Version-Release number of selected component (if applicable):
0.91-4

How reproducible:
Always

Steps to Reproduce:
1. Use an Armada 41xx series laptop that has the diagnostic partition
on disk (primary partition 3, partition type 0x12)

2. Make sure grub.conf contains (amongst others) the following lines:

splashimage /boot/grub/splash.xpm.gz

title Compaq diagnostics
    rootnoverify (hd0,2)
    chainloader +1


3. Reboot machine, select 'Compaq diagnostics' from menu

ALTERNATIVELY:

1) Enter grub interactively, e.g. from grub boot floppy

2) Type the following commands:

   grub>  rootnoverify(hd0,2)
   grub>  chainloader +1
   grub>  boot


Actual Results:  Corruption on screen, followed by error message about
invalid partition table. Any use of 'hide' 'unhide' or 'makeactive' at
this point will destroy the on-disk partition table.
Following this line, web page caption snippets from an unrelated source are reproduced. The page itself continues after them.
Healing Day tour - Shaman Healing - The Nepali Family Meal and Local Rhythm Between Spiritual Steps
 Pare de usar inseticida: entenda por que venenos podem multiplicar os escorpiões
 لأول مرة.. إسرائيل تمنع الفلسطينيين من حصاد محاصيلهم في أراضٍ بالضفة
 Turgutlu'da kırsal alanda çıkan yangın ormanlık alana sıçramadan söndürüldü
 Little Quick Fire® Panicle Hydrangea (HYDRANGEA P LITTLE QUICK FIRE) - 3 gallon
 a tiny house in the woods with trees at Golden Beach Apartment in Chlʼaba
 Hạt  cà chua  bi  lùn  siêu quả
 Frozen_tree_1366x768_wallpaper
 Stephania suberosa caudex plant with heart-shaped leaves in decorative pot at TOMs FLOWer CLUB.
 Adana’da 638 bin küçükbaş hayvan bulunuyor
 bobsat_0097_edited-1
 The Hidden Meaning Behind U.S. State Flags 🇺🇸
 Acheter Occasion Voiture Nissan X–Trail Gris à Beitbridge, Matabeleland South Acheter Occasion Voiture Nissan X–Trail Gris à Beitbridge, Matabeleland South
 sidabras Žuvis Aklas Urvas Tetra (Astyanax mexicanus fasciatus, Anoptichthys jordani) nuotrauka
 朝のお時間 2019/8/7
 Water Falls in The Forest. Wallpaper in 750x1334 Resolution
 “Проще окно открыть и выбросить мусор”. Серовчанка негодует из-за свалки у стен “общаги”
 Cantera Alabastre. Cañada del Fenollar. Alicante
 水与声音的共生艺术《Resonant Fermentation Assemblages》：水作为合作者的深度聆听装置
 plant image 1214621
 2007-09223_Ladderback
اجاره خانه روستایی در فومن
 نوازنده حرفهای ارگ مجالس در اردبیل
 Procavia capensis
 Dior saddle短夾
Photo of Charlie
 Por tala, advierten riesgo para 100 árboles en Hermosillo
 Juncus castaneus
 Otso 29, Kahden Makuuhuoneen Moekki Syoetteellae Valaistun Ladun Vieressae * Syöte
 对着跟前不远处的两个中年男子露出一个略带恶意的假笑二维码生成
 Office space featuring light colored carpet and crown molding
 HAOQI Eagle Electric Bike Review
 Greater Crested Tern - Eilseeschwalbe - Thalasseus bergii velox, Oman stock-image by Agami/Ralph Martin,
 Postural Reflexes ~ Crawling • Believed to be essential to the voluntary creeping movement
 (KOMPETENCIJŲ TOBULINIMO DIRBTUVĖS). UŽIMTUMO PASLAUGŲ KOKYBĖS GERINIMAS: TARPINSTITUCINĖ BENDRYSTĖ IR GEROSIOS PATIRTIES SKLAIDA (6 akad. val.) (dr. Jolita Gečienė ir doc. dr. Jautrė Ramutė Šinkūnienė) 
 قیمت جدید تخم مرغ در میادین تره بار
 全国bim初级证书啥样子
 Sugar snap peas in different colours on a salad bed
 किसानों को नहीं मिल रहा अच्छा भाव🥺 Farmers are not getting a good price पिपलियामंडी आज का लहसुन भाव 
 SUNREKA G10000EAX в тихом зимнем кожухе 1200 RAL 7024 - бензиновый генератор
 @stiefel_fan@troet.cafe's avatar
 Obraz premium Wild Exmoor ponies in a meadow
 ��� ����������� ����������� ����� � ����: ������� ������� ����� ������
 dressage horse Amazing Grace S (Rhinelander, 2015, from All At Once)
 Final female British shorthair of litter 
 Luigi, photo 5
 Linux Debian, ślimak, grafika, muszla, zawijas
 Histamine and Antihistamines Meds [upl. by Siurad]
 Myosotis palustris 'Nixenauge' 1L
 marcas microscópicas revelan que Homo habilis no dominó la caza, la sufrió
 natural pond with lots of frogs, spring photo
Expected Results:  Should boot the MSDOS system in hda3. Expect to see
the Compaq diagnostics startup screen.


Additional info:

I don't know what exactly is needed to diagnose this. Info to hand
about my system:
Compaq Armada 4131T (Pentium 1 133 MHz), 80 Mb memory, 10 Gb disk
(Hitachi DK23CA-10).
Graphics: Cirrus Logic GD-7548 VGA 1Mb (Ver. 1.2). Screen: 800x600 TFT

If you need to know how/where things are mapped in memory, tell me how
to find out in RedHat 7.3 and I'll post the results. (I do have X11
running successfully)

One final point: LILO boots this partition quite happily as well (from
a floppy disk) using:

other=/dev/hda3
    label=diag
    table=/dev/hda

Comment 1 Jeremy Katz 2003-11-06 19:29:09 UTC
This sounds like a BIOS bug where your BIOS doesn't properly handle
VGA16.  Is this any better with newer releases (since I've rewritten
chunks of that patch since 7.3)?

Comment 2 Jeremy Katz 2004-06-21 23:08:19 UTC
Closing due to lack of activity.  Please reopen if you have further
information to add to this bug report.